Alkyl Amines Chemicals (NSE:ALKYLAMINE) Could Easily Take On More Debt
Warren Buffett famously said, 'Volatility is far from synonymous with risk.' So it might be obvious that you need to consider debt, when you think about how risky any given stock is, because too much debt can sink a company. We can see that Alkyl Amines Chemicals Limited (NSE:ALKYLAMINE) does use debt in its business. But the more important question is: how much risk is that debt creating?
When Is Debt A Problem?
Generally speaking, debt only becomes a real problem when a company can't easily pay it off, either by raising capital or with its own cash flow. Ultimately, if the company can't fulfill its legal obligations to repay debt, shareholders could walk away with nothing. However, a more usual (but still expensive) situation is where a company must dilute shareholders at a cheap share price simply to get debt under control. Of course, plenty of companies use debt to fund growth, without any negative consequences. When we think about a company's use of debt, we first look at cash and debt together.

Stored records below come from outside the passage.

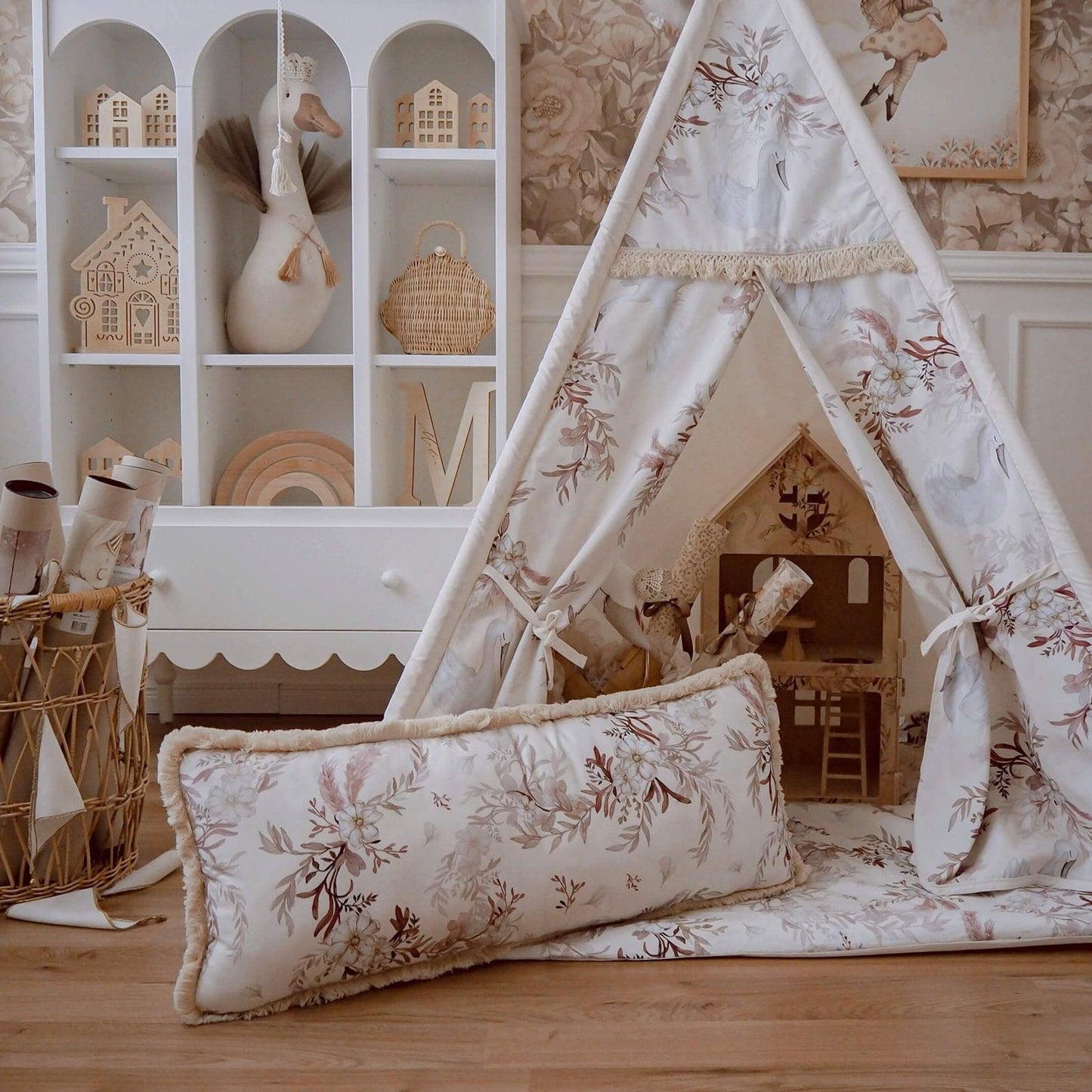 Boekenkast 'Babushka' - White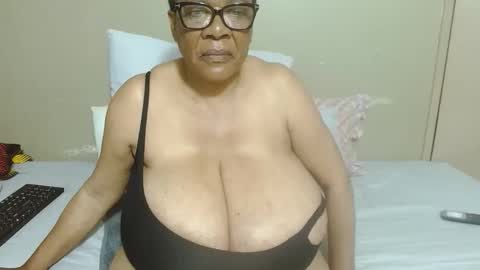 DairyQueen online show from November 24, 12:43 am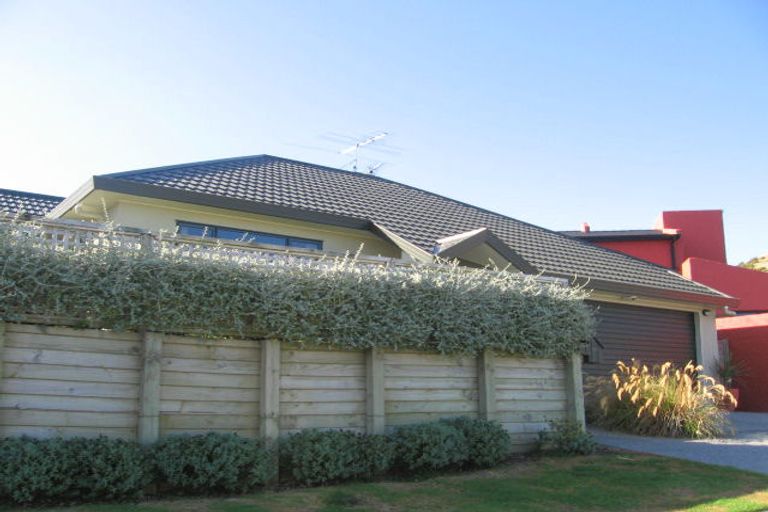 Photo of property in 141 Woodman Drive, Tawa, Wellington, 5028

See our latest analysis for Alkyl Amines Chemicals
What Is Alkyl Amines Chemicals's Debt?
As you can see below, Alkyl Amines Chemicals had ₹215.9m of debt at March 2021, down from ₹859.0m a year prior. However, it does have ₹1.60b in cash offsetting this, leading to net cash of ₹1.38b.
A Look At Alkyl Amines Chemicals' Liabilities
We can see from the most recent balance sheet that Alkyl Amines Chemicals had liabilities of ₹2.82b falling due within a year, and liabilities of ₹710.8m due beyond that. Offsetting these obligations, it had cash of ₹1.60b as well as receivables valued at ₹2.28b due within 12 months. So it actually has ₹348.8m more liquid assets than total liabilities.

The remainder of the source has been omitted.